Impuissance de forces de sécurité totalement incapables d’assurer le service public de la loi, de conduire des investigations dans le respect des procédures règlementaires de protection des droits de la défense et des droits humains. Impuissance et échec d’un Etat qu’une légitimité politique inédite n’arrive toujours pas à parer d’une autorité régalienne respectée et reconnue.
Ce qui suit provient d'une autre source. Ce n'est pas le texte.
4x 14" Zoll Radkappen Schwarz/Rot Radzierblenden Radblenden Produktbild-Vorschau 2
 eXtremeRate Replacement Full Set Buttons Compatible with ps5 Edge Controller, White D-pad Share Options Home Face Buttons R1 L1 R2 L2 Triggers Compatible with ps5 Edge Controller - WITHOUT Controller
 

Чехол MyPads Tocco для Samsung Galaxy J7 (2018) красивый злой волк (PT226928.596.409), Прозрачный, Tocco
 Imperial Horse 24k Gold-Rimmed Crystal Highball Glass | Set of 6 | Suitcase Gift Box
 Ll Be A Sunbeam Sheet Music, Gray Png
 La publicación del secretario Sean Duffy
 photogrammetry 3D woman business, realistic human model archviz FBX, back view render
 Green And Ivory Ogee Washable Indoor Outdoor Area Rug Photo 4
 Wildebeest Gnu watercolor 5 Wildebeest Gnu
Comment Macky Sall, certes plus élu par rejet du système de Wade, a-t-il pu laisser s’installer dans le pays un climat politique et social aussi malsain ? Comment peut-il à se point tarder, par exemple, à se démettre de son mandat de Chef de parti pour enfin revêtir la fonction suprême que les sénégalais lui ont confié ? Ne voit-il pas qu’ainsi il contribue à fragiliser sa fonction ? Sous quels tropiques se sont réfugiés des leaders comme Ousmane Tanor Dieng, Moustapha Niasse, Amath Dansokho, Abdoulaye Bathily? C’est dans le tréfonds des égouts fantomatiques de Dakar qu’il faut maintenant aller chercher l’information, la discuter, la commenter et la mettre en perspective. D’où viennent ces loups aux dents longues qui ont pris possession du cœur politique du pays ? Comment le PDS a pu devenir ce monstre dégoulinant et puant d’égoïsmes, de prétentions, de bravades permanentes et aussi puériles ? Comment l’exercice d’un pouvoir pendant douze années n’a-t-il pu instiller le sens de la responsabilité, de la dignité et de l’élégance politique dans les consciences de tous les chefs de ce parti ? Comment Abdoulaye Wade peut-il laisser l’œuvre de sa vie qui aura apporté au Sénégal sa première Alternance politique se décrépir, se faner, se flétrir, se rouler dans la fange à ce point ? Comment, enfin, avoir autant saboté l’entreprise de Traque des Biens Mal Acquis que le Peuple sénégalais avait demandé à ses nouveaux élus?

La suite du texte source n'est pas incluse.